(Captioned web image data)
*-*-*
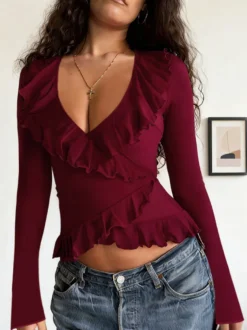 Top cache-cœur romantique à volants pour femme - Col en V manches longues - Style Coquette tenue idéale pour un rendez-vous romantique printanier 2026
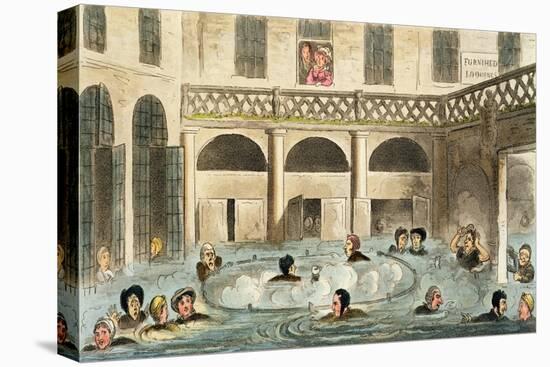 Public Bathing at Bath, or Stewing Alive, Print Published by Sherwood & Co, 1825-Isaac Robert Cruikshank-Stretched Canvas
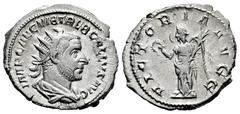 Roman Imperial Trebonianus Gallus. Antoninianus. 250-251 d.C. Rome. (Ric-48). Anv.: IMP CAE C VIB TREB GALLVS AVG, radiate draped bust right. Rev.: VICTORIA AVGG, Victory standing left, holding wreath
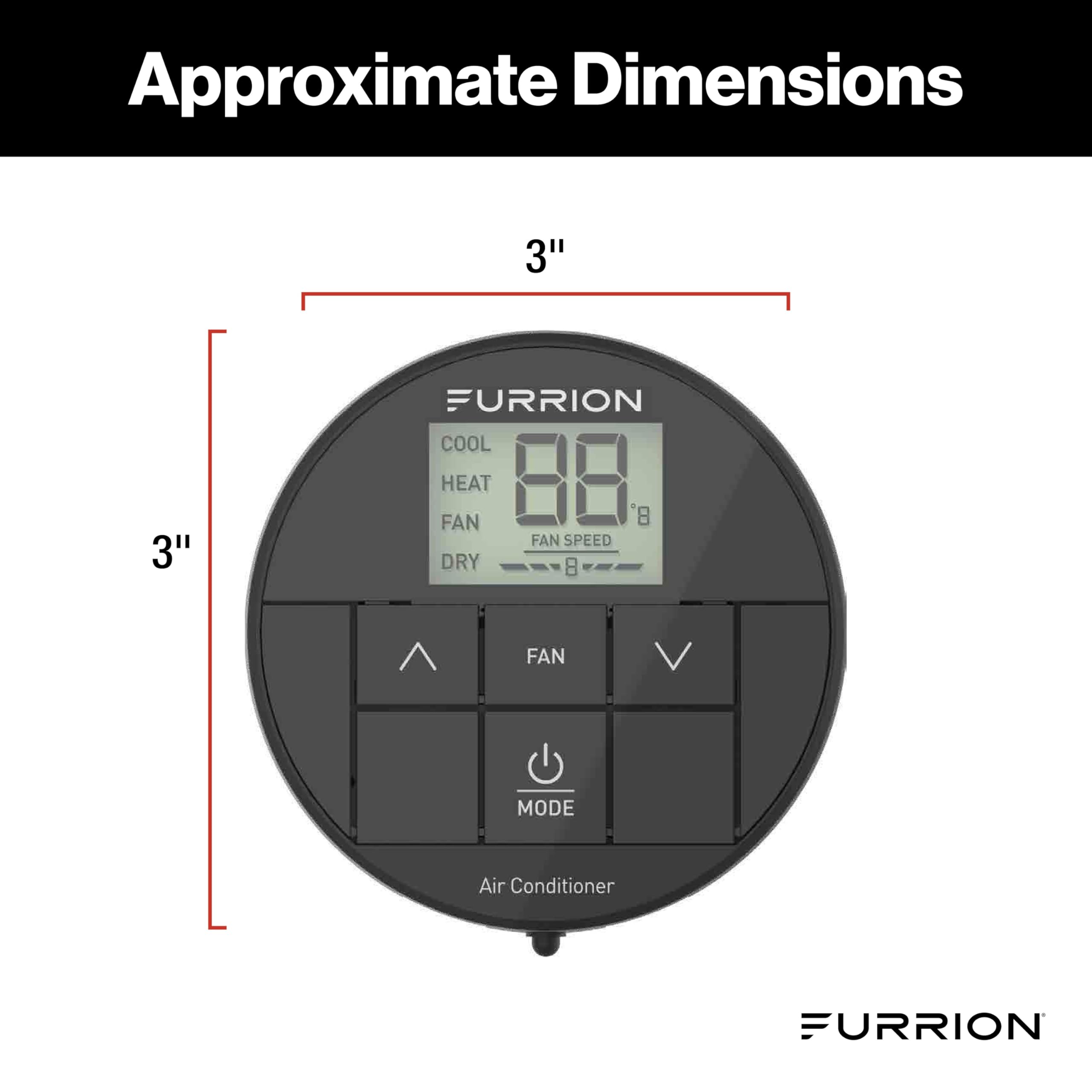Furrion Chill HE RV Thermostat Single Zone Wall Control, Backlit LCD, Heat Cool Fan Dry Modes, 2 Fan Speeds Auto Fan, 12V, Compatible with Furrion Chill HE Systems - FACW10ESSA-BL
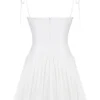 Marcy White Pleated Mini Dress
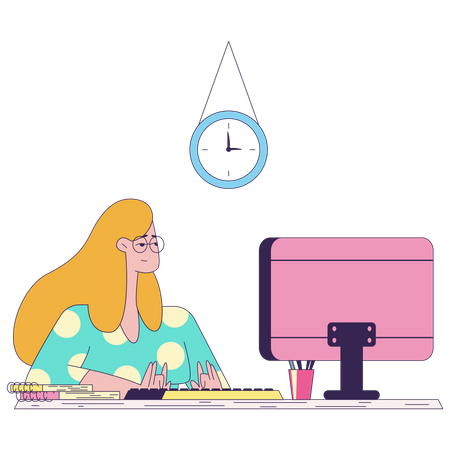 Woman working at office  Illustration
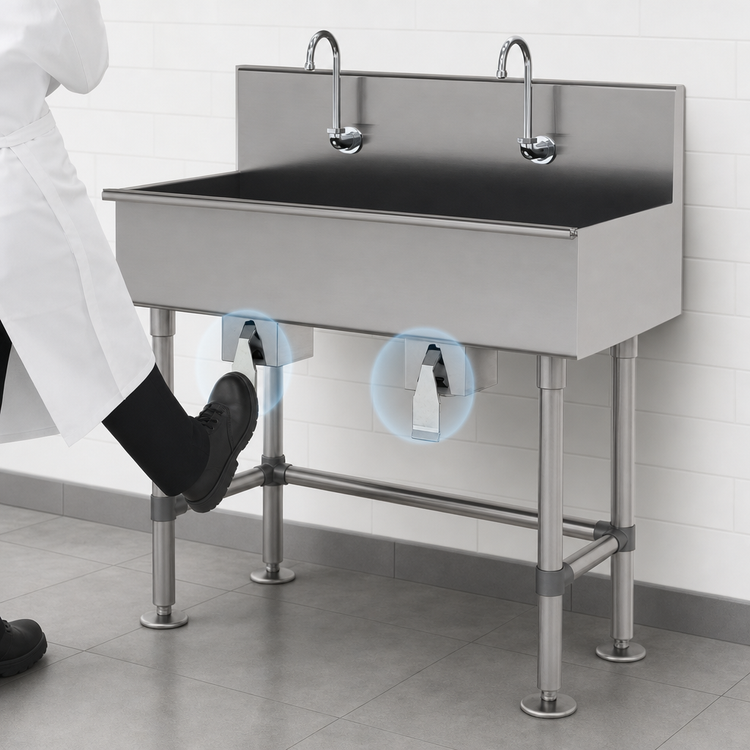 Product image #3 for Advance Tabco 40-Inch Wide 2-Station Knee-Operated Floor-Mounted Hand Wash Sink with Gooseneck Spouts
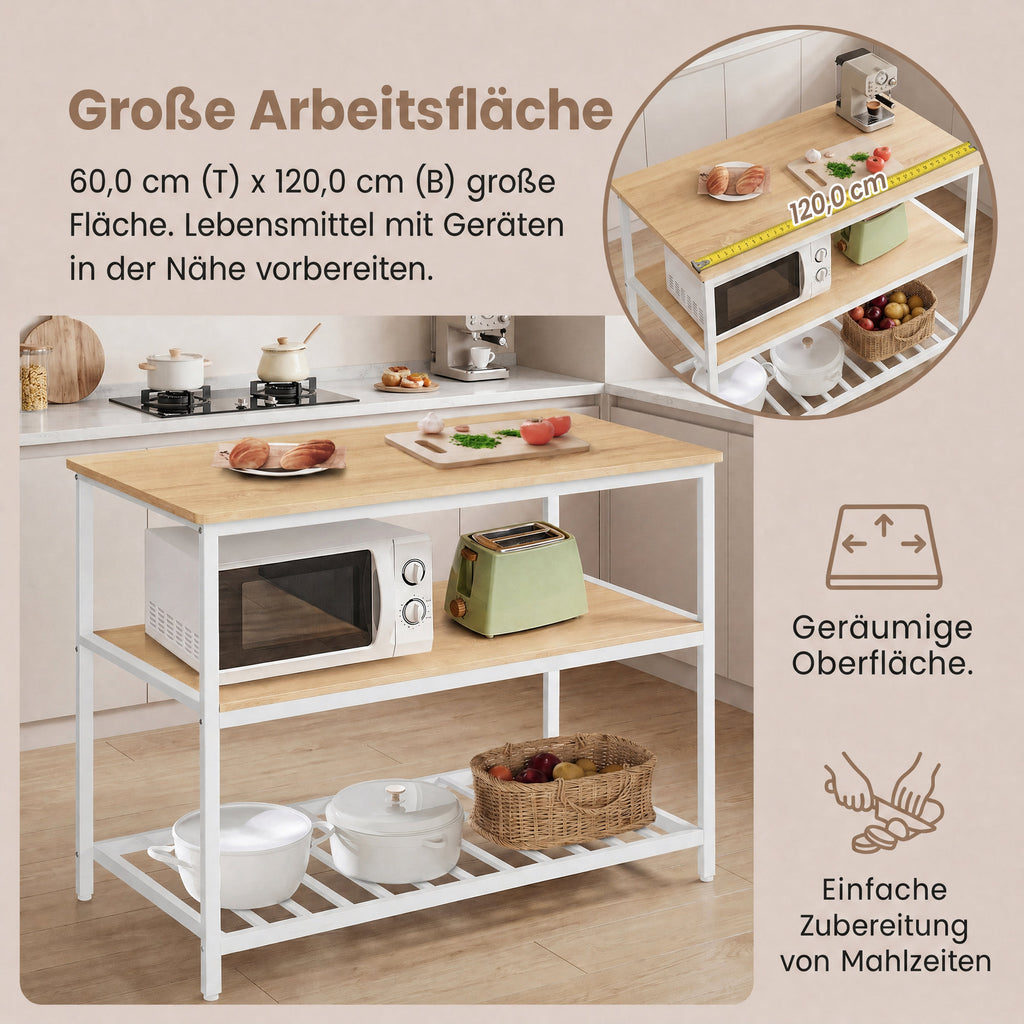 Küchenregal mit großer Arbeitsplatte, 3-stufiges Mikrowellenregal, Stahlrahmen
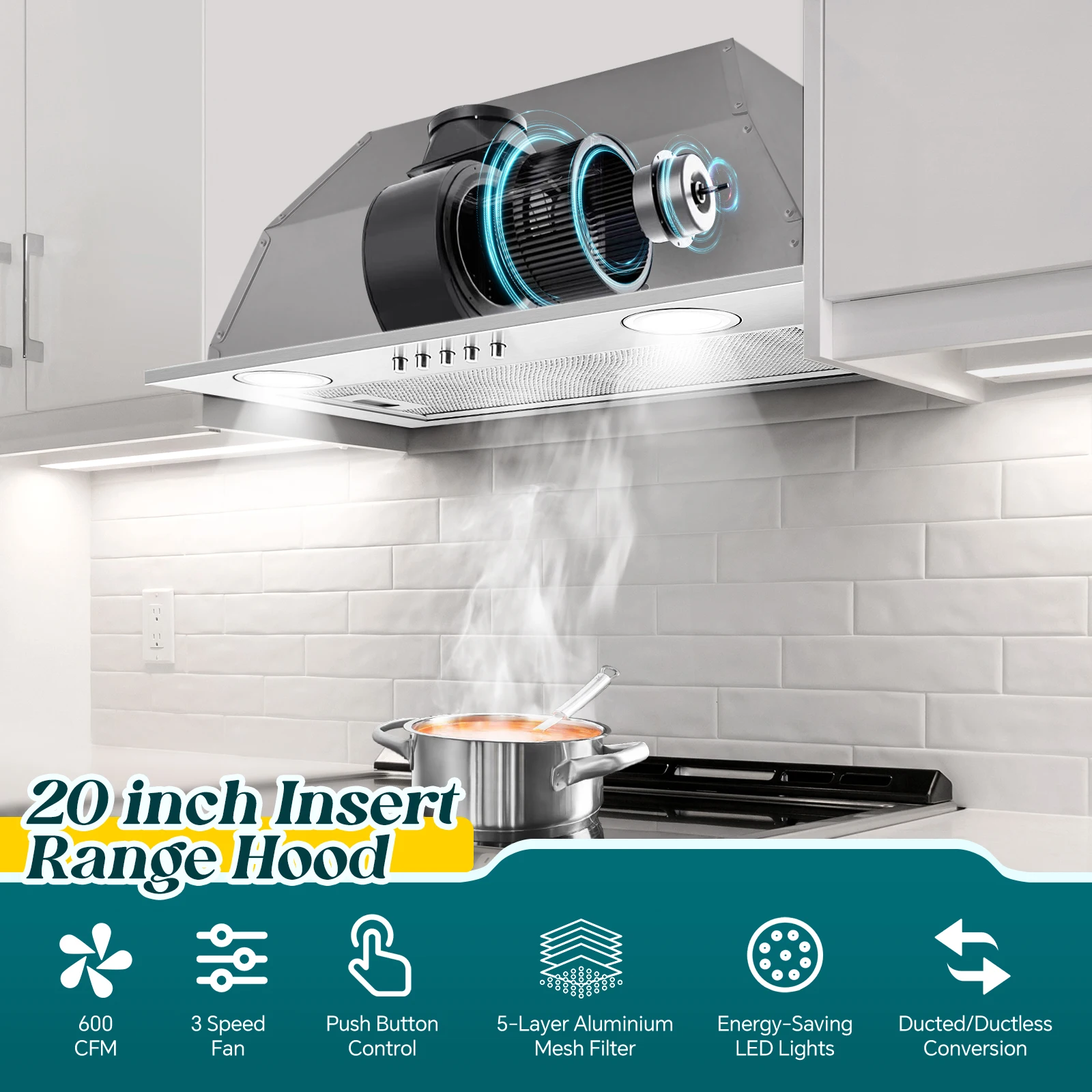 Insert 20 Inch 600CFM Range Hood Stainless Steel Push Button Control 3-Speed/Ducted/Ductless 5-Layer Filter & LED Lighting
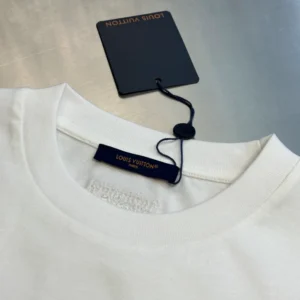 LV Embroidered Signature T-Shirt in White - LRT100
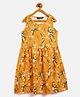 Uptownie Sleeveless Floral Printed Dress - Yellow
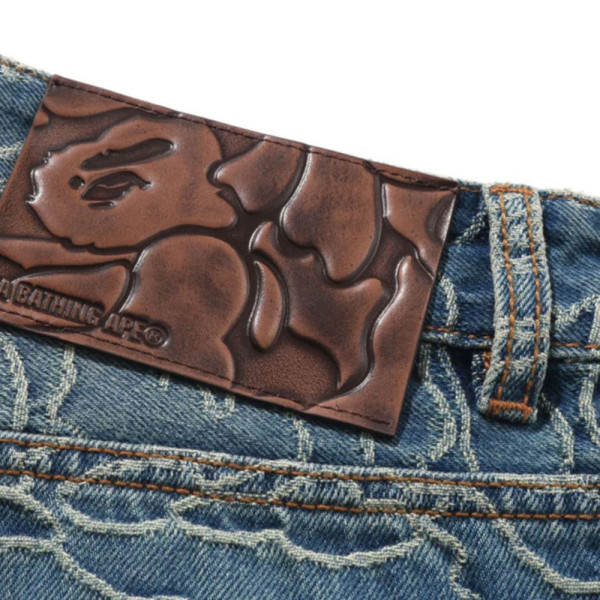 베이프 라인 카모 자카드 원포인트 릴렉스핏 13OZ 데님 팬츠 2컬러 1L30150302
*-*-*
Task goal: The entries above need to be repeated word for word, minus their pictures.

Finished task:
 Top cache-cœur romantique à volants pour femme - Col en V manches longues - Style Coquette tenue idéale pour un rendez-vous romantique printanier 2026
 Public Bathing at Bath, or Stewing Alive, Print Published by Sherwood & Co, 1825-Isaac Robert Cruikshank-Stretched Canvas
 Roman Imperial Trebonianus Gallus. Antoninianus. 250-251 d.C. Rome. (Ric-48). Anv.: IMP CAE C VIB TREB GALLVS AVG, radiate draped bust right. Rev.: VICTORIA AVGG, Victory standing left, holding wreath
Furrion Chill HE RV Thermostat Single Zone Wall Control, Backlit LCD, Heat Cool Fan Dry Modes, 2 Fan Speeds Auto Fan, 12V, Compatible with Furrion Chill HE Systems - FACW10ESSA-BL
 Marcy White Pleated Mini Dress
 Woman working at office  Illustration
 Product image #3 for Advance Tabco 40-Inch Wide 2-Station Knee-Operated Floor-Mounted Hand Wash Sink with Gooseneck Spouts
 Küchenregal mit großer Arbeitsplatte, 3-stufiges Mikrowellenregal, Stahlrahmen
 Insert 20 Inch 600CFM Range Hood Stainless Steel Push Button Control 3-Speed/Ducted/Ductless 5-Layer Filter & LED Lighting
 LV Embroidered Signature T-Shirt in White - LRT100
 Uptownie Sleeveless Floral Printed Dress - Yellow
 베이프 라인 카모 자카드 원포인트 릴렉스핏 13OZ 데님 팬츠 2컬러 1L30150302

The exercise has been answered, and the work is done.